Saudi Arabia has also made strides in finding alternative financing options for startups. It is pushing its secondary capital market, Nomu, as of late. We have already witnessed Jahez launch its initial public offering (IPO) on the Nomu, raising in excess of $400 million with PIF-owned Elm set to list 30 per cent of its shares this year. After the buzz around SPACs last year, IPOs are likely to become a more attractive exit route for startups, which retains capital in the region and allows startups to remain independent. An excellent example is Egypt’s Fawry, which continues its positive impact on the country after listing on the Egyptian Exchange back in 2019 and today enjoys a market capitalisation of over $1 billion. But before the region’s stock exchanges can entice startups to list, there are many liquidity and regulatory hurdles that need to be resolved first.
For most startups however, the more likely exit route will remain an acquisition, typically by a global player. We are likely to see more mergers and acquisitions in the region from international companies who want to tap into the region. We have already seen US-based cloud kitchen Reef Technologies (another Softbank-backed startup) acquire UAE-based iKcon while the Sweden-based Stillfront acquired Jordan gaming startup Jawaker for $205 million.

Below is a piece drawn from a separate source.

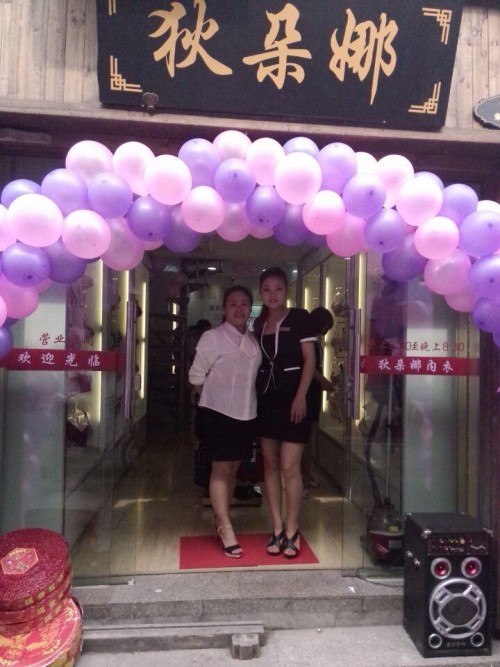 狄朵娜内衣店铺展示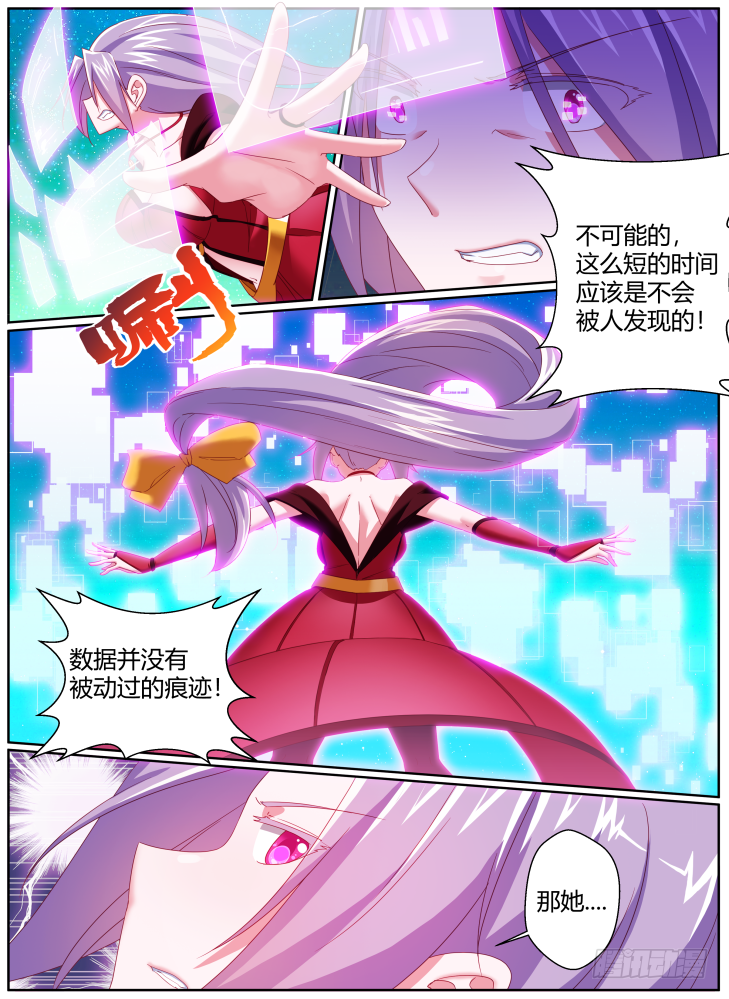 45,一样的脸？！-第45话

Last year we highlighted Saudi Arabia as the market to watch as startup activity flourished in the kingdom. Regulators, particularly in the fintech sector in the country have demonstrated a willingness to work with startups and with an open banking policy framework in the pipeline, it has the potential to become the regional hub for fintech in the not-too-distant future. This will have a ripple effect across the region as other markets try to keep pace with the ever-evolving fintech landscape. The digitisation of the past two years will continue and the banking and finance sector will not be able to escape it. The success of neobanks and other fintech startups across the world highlights the potential of fintech if regulations are eased in Mena, while also helping to curb the high rates of financial exclusion.

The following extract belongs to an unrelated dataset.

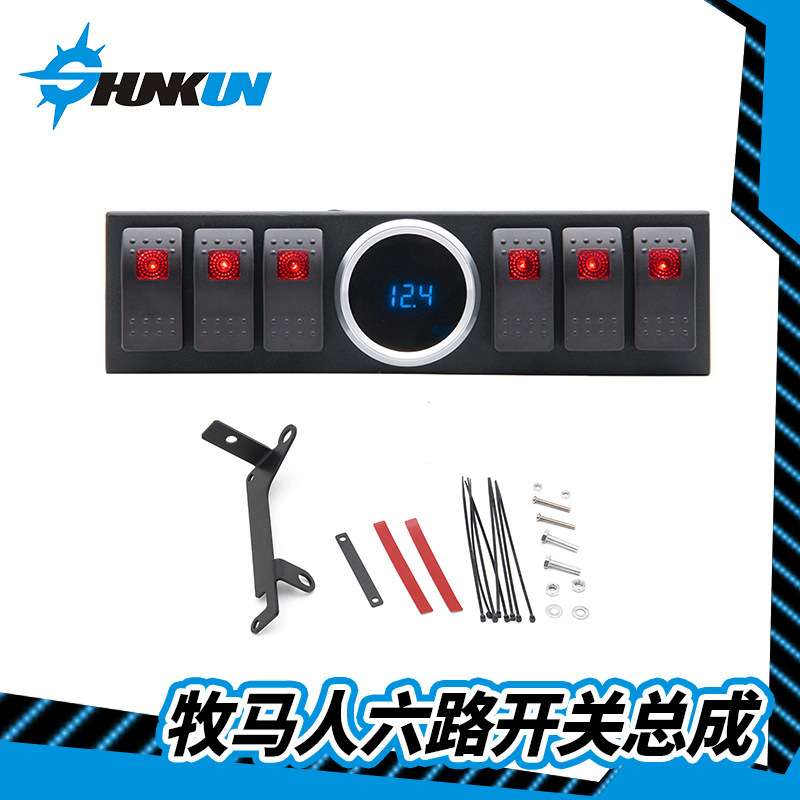牧马人六路开关 控制系统保险丝继电器盒 6路开关总成 多功能开关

As consumers become more comfortable with handling their banking and financial transactions online, we are likely to see more widespread interest in online trading and in cryptocurrencies. This year will see crypto become more mainstream in the Middle East, especially after the meteoric rise of Bitcoin and the large rounds raised by several crypto-exchange startups in the region, including BitOasis.
In the same way that cryptocurrencies decentralise finance, Web 3.0, which is built on blockchain technology, will decentralise the internet. This will provide users greater control over their data, which today sits in the hands of a small number of internet giants like Google, Amazon and Facebook. While the region is unlikely to play a significant role in the development of Web 3.0, we will see startups emerge in this space while regulators will have to figure out what their role might be, if any.
Finally, superapps will become more widely used in the region, starting with Careem. Providing users several goods and services on one platform offers a level of efficiency and ease that consumers today demand and require. In the past year, Careem’s strategy of offering everything from food delivery to money transfer, saw a 2.5x spike in the number of customers using multiple services on its platform. There are several other superapps in the region and more are likely to emerge, some focusing on a niche, others providing a wider variety of services in a bid to capture a larger share of the market. These superapps will all provide offline retailers the opportunity to access a captive online audience while making use of the platform’s delivery and fintech solutions to sell their goods online.